One way struggling artists assuage a stunted career is to summon da Vinci Leonardo’s “art isn’t completed but abandoned” quote. Its dogged overuse has erased its profundity and replaced it with irritation as it’s thrown in with other quotes on facebook profiles to justify unwanted, and sometimes unacceptable, behavior.
But I’d like to take it a step back and refer critics of a writer’s perpetual works in progress to Zeno and his dichotomy paradox. In this application, novels aren’t abandoned because of some self-destructive unworkability with the plot or because the writer over-affects the tortured artist sensibility; it’s because novels cannot be finished, even published ones. Before all its intended words are written, half of the words must be written. And before that half, half of that, ad infinitum. Not to mention that when it needs to be edited it also needs to be edited halfway…
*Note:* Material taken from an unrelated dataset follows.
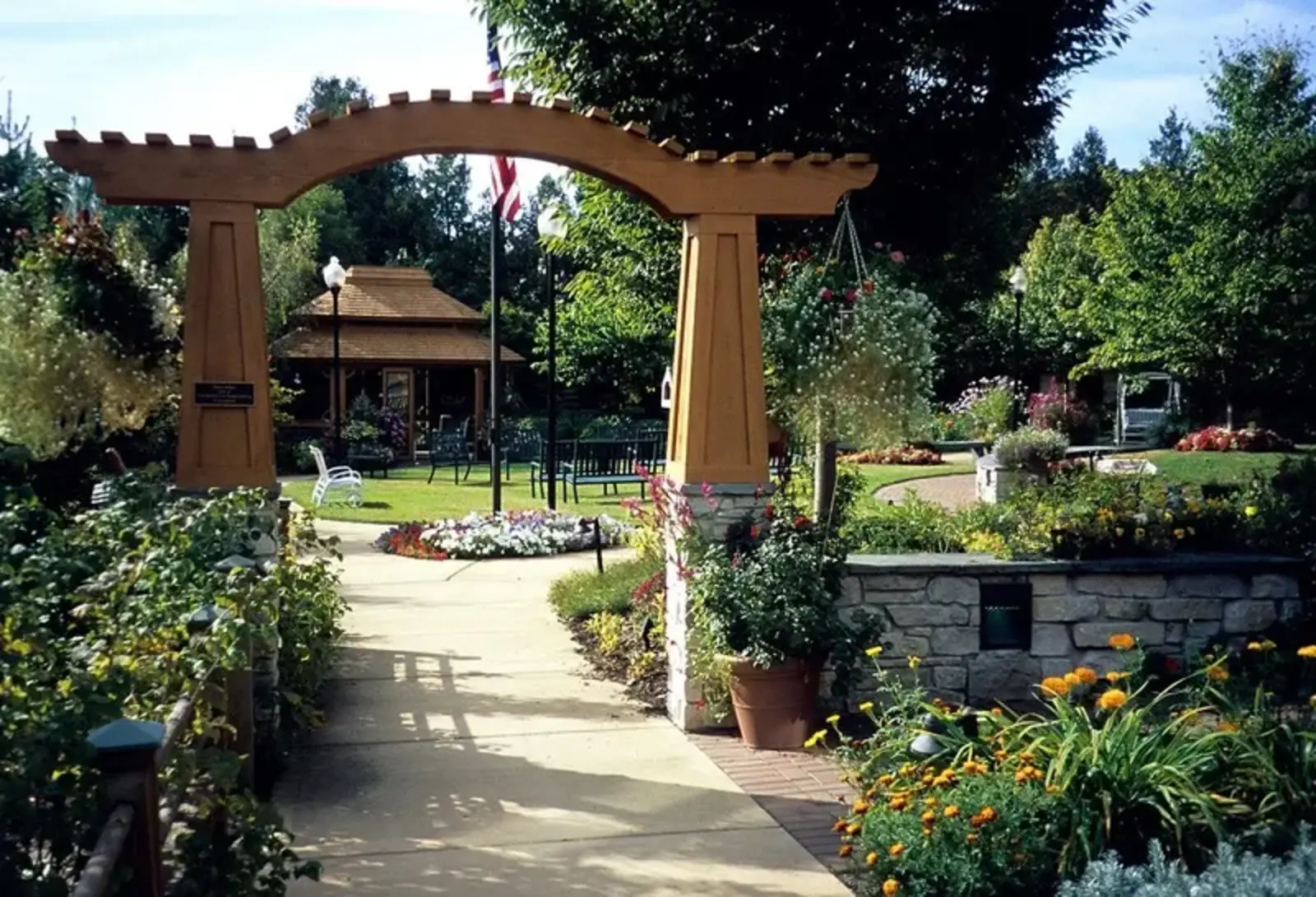 The Living Garden at the Family Life Center, Grand Rapids, Michigan. A garden designed for those with Alzheimer’s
Therefore, no novels really exist; they’re just partial transcripts of narratives left on the side of the road that just happened to catch the eye of an agent in need of a paycheck. This situation is actually better for aspiring writers…you’re undoubtedly lazy, incompetent, and uninspired, but those aren’t the reasons you work in progress suffers from crippling incompletion. You’re just up against an insurmountable roadblock of ontology. And you don’t need to be an artist to experience the infuriating sadism of self-appointed tasks in artistry.